BALTIMORE - The circumstances that led to Henry Rodriguez getting three innings of work Friday night were unusual; the Nationals broke out for 17 runs, the most they've scored since coming to Washington, but starter Jason Marquis was gone after four innings, as manager Jim Riggleman told the pitcher at the end of the fourth he didn't want him to face Matt Wieters and Luke Scott again, after both players had ripped RBI base hits off him the first time.
The Nationals scored six runs in the fifth, but Riggleman had made his decision by then. And Marquis, he said, "was about as mad as I've ever seen a ballplayer."

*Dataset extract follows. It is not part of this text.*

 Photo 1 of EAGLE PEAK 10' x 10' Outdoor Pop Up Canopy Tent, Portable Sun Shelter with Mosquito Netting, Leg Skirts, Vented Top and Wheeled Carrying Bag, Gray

Though both Marquis and Riggleman said afterward this wouldn't lead to lingering bitterness, the decision did give the Nationals a chance to look at Rodriguez in a low-pressure situation. And the fireballing reliever responded with his best work of the year.
He threw three scoreless innings, giving up just two hits and striking out three. And most importantly, he controlled his pitches, throwing 29 of 41 for strikes and going without a walk.
"It's probably the best he's thrown," Riggleman said. "He's had a couple other games where he was close to that, but he was real good."
Rodriguez wasn't pitching in a close game, of course, and his performance would probably be more significant if he'd been protecting a smaller lead. But it's important for the Nationals to see him throw strikes and control his stuff in low-pressure situations so they can build him into higher-leverage spots. They envisioned him as a possible setup man or closer when they got him from Oakland in the Josh Willingham trade last winter, and he'd have to throw strikes consistently enough to get himself into that kind of role.
What he did on Friday night was a step in that direction.